Provided data:
- - -

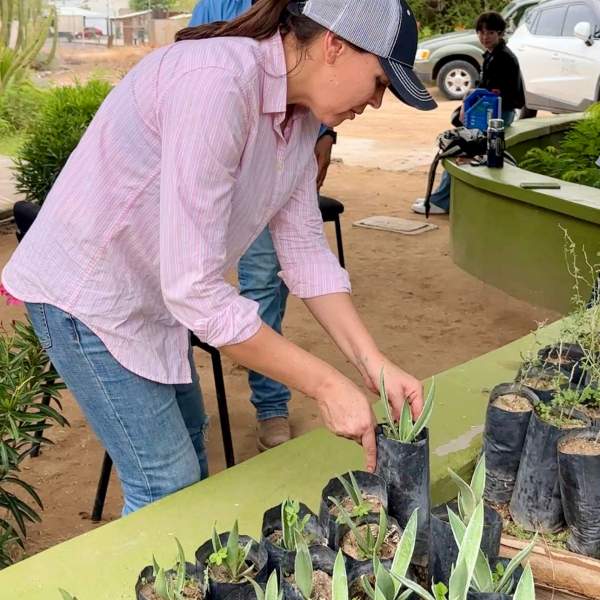 Gobierno de Sonora impulsa reforestación urbana con donación gratuita de plantas
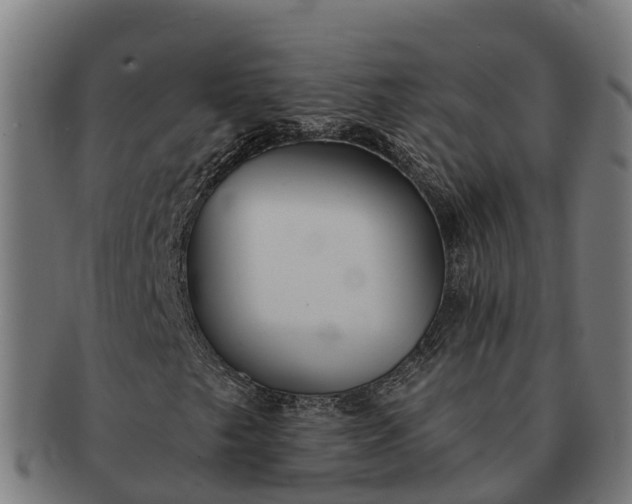 X0000091331249200708241152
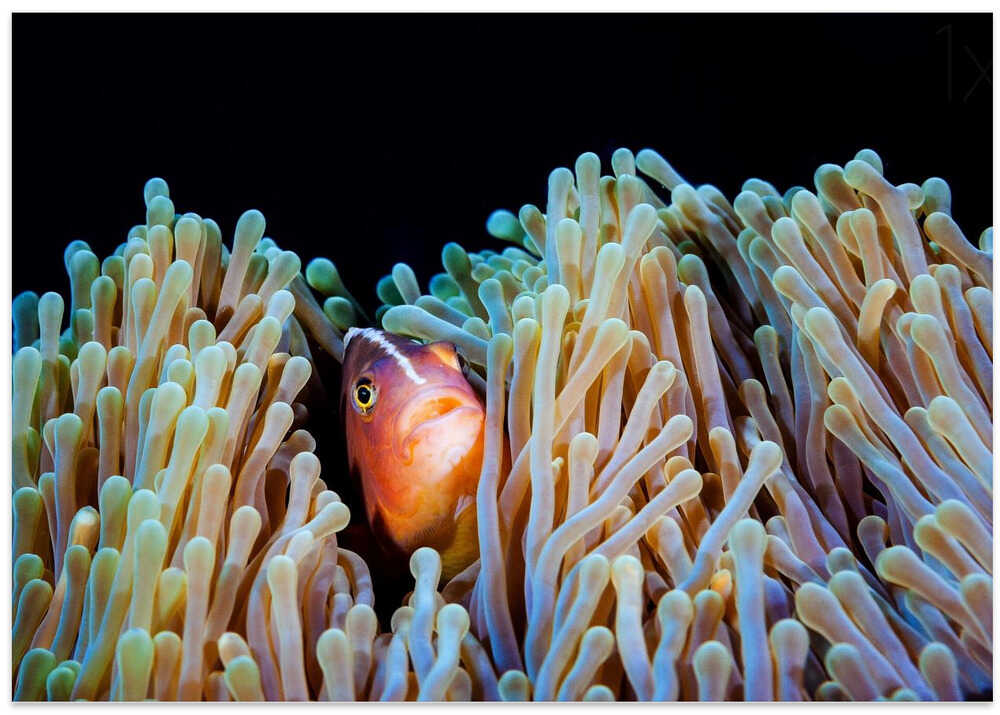Clownfish
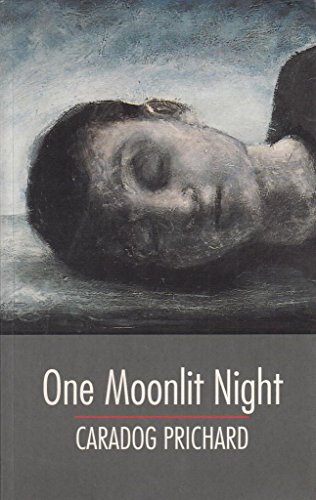 Stock image for One Moonlit Night for sale by AwesomeBooks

- - -

To answer, repeat exactly the lines from the line containing "X0000091331249200708241152" through the last line of the data above, leaving out all pictures.

Output of the task:
 X0000091331249200708241152
Clownfish
 Stock image for One Moonlit Night for sale by AwesomeBooks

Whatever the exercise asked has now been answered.